Wednesday, March 12, 2008

Short-seller SLAPPs back

USANA Health Sciences, Inc. v. Minkow, 2008 WL 619287 (D. Utah)

Defendants used California’s anti-SLAPP statute to get rid of the state-law causes of action in this case, though a federal securities law claim remained. Minkow co-founded the Fraud Discovery Institute (FDI), which wrote a long, negative report about USANA and sent it to the SEC, the FBI, and the IRS. (USANA sells distributorships based on the sale of nutritional supplements and similar products.) Minkow short-sold USANA shares. FDI then published the report on its website and issued a press release, and continues to make follow-up statements using, among other things, internet banner ads and YouTube videos.

Under the anti-SLAPP statute, a defendant must make a prima facie showing that the cause of action is based on free speech or petitioning activity, at which point the burden shifts to the plaintiff to show a probability of prevailing. Here, most of the allegations stem from defendants’ public relations campaign of disparaging statements about USANA. Defendants’ conduct wasn’t illegal as a matter of law, nor was it exempted from the anti-SLAPP statute by section 425.17, which applies to statements about a defendant’s own product or a competitor’s business, goods, or services. Defendants weren’t competing with USANA. Thus, USANA needed to show competent, admissible evidence in support of its claims.

Under the Unfair Competition Law, USANA needed to show that members of the public were likely to be deceived by defendants’ statements or that defendants’ practices were unfair in that they created harm outweighing their benefits. However, USANA could only show the technical inaccuracy of a few statements. Defendants’ report says that an independent lab “‘found zero amounts of N-Acetyl L-Cysteine’” (an antioxidant) in a USANA product. The report stated “Not Detected” rather than “zero,” but the lab report itself was attached to defendants’ report, so without evidence of materiality and deceptiveness, there was no violation of the law. Likewise, USANA disputed the report’s comparison of the antioxidants in a serving of grape juice to those in a serving of USANA’s TenX bar, arguing that a gram-for-gram comparison was the only meaningful measure. But defendants’ report explains its measures. Fundamentally, the misstatements of which USANA complains were “hyper-technical statements representing differing interpretations of data, with no evidence tending to show how the statement[s were] material.”
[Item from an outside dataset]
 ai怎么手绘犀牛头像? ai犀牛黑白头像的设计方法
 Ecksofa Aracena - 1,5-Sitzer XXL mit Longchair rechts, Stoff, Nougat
Moreover, USANA’s complaint did not support its claim that the alleged misstatements caused its stock price to plummet. Rather, the sequence of events suggested that something else was behind at least some of the price declines, because they occurred before the market had time to digest defendants’ reports. Similar flaws doomed USANA’s other state claims, including intentional interference with economic relations and tortious exposure to litigation.